4. Single-Pod VXLAN / EVPN – VXLAN Overlay

Now we can finish up our VXLAN / EVPN fabric by configuring our VXLAN overlay. Again we’re using the same topology and configuration as already discussed through the “Single-Pod VXLAN / EVPN” series of posts.


VXLAN Feature Configuration

As always, we start by enabling the appropriate features. Below i’ll explain some of these features as they aren’t as self explanatory as ISIS or BGP.

feature nv overlay: Enables VXLAN functionality on NXOS such as VTEPs.
feature fabric forwarding: Enables anycast gateways, integration into firewalls and load-balancers with service-redirection.
feature interface-vlan: Enables the use of SVIs
feature vn-segment-vlan-based: Enables the mapping of VLANs to VXLANs.

Note: on our Spines we haven’t enabled feature interface-vlan as we aren’t using SVIs here.

POD1-LF1#
feature fabric forwarding
feature interface-vlan
feature vn-segment-vlan-based
feature nv overlay

Next on both the Leaf and Spines we need to configure nv overlay evpn, this enables the evpn control plane.

POD1-LF1#
nv overlay evpn

NVE / VTEP Interface Configuration

Now the required features are enabled and the evpn control plane is configured we can configure our NVE interface and shared VTEP. We’re utilising a shared VTEP as our Leaf nodes are configured as VPCs.
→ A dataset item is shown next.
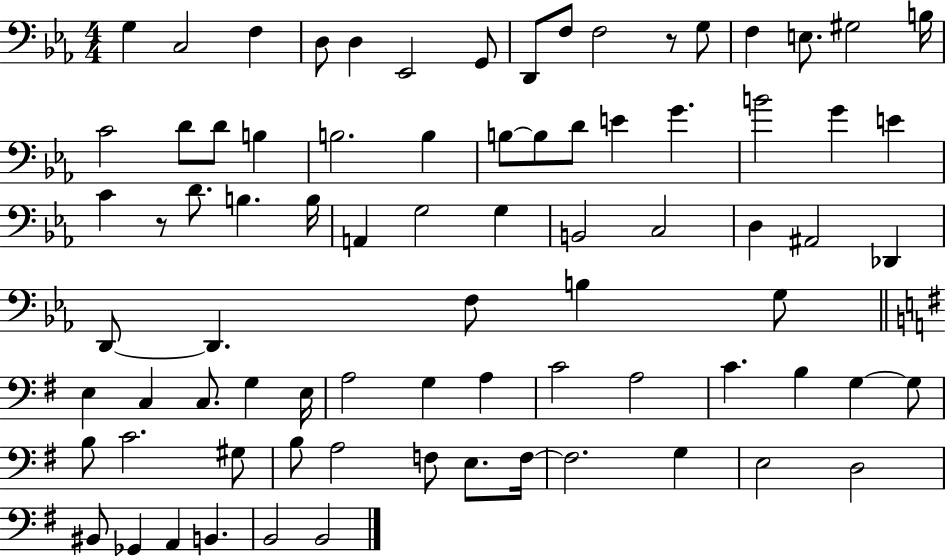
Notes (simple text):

The NVE is a logical interface that encapsulates and decapsulates VXLAN packets.

It is worth noting that any configuration across a VPC pair for VXLAN needs to be identical. *Its important not to shutdown the NVE interface, this will cause VPC inconsistencies and will result in VPC failover.

To start with we’ll configure a new Loopback interface, this will be our shared VTEP. This loopback address is advertised into our ISIS Underlay and PIM-SM is enabled.

To enable a shared VTEP we must use a secondary address. This secondary address acts as the shared VTEP address. We can see the primary loopback addresses across both Leaf switches within our VPC pair are unique, however the secondary is the same.

#POD1-LF1
interface loopback100
  description SHARED-VTEP
  ip address 100.200.255.3/32
  ip address 100.200.255.1/32 secondary
  ip router isis UNDERLAY
  ip pim sparse-mode

#POD1-LF2
interface loopback100
  description SHARED-VTEP
  ip address 100.200.255.2/32
  ip address 100.200.255.1/32 secondary
  ip router isis UNDERLAY
  ip pim sparse-mode

Now our shared VTEP interface is configured we can build out our NVE and ensure that the Shared VTEP Loopback100 is the source of the NVE.

Next we ensure host-reachability is utilising the BGP protocol as mechanism to learn and advertise host MAC address (L2VPN EVPN).

The virtual-rmac enables the advertisement of the VPC virtual MAC address. This stops packet loss in VXLAN / EVPN environments configured in conjunction with VPC (Specifically using MP-BGP L2VPN EVPN).

#POD1-LF1
interface nve1
  no shutdown
  host-reachability protocol bgp
  advertise virtual-rmac
  source-interface loopback100

#POD2-LF2
interface nve1
  no shutdown
  host-reachability protocol bgp
  advertise virtual-rmac
  source-interface loopback100

It’s also worth mentioning at this point the advertise-pip command. This works in conjuction with the virtual-rmac command and ensures the primary IP on loopback 100 is utilised for BGP next-hop when advertising prefix routes or leaf generated routes when VPC is enabled. Commands are as follows, only required on the leaf.

#POD1-LF1
router bgp 65001
  address-family l2vpn evpn
    advertise-pip

VXLAN L2VNI Configuration

Now the required NVE interface is configured we can implement our L2VNIs. In our design we are creating two L2VNIs. We have two Layer-3 switches connected on VPCs as endpoints for testing.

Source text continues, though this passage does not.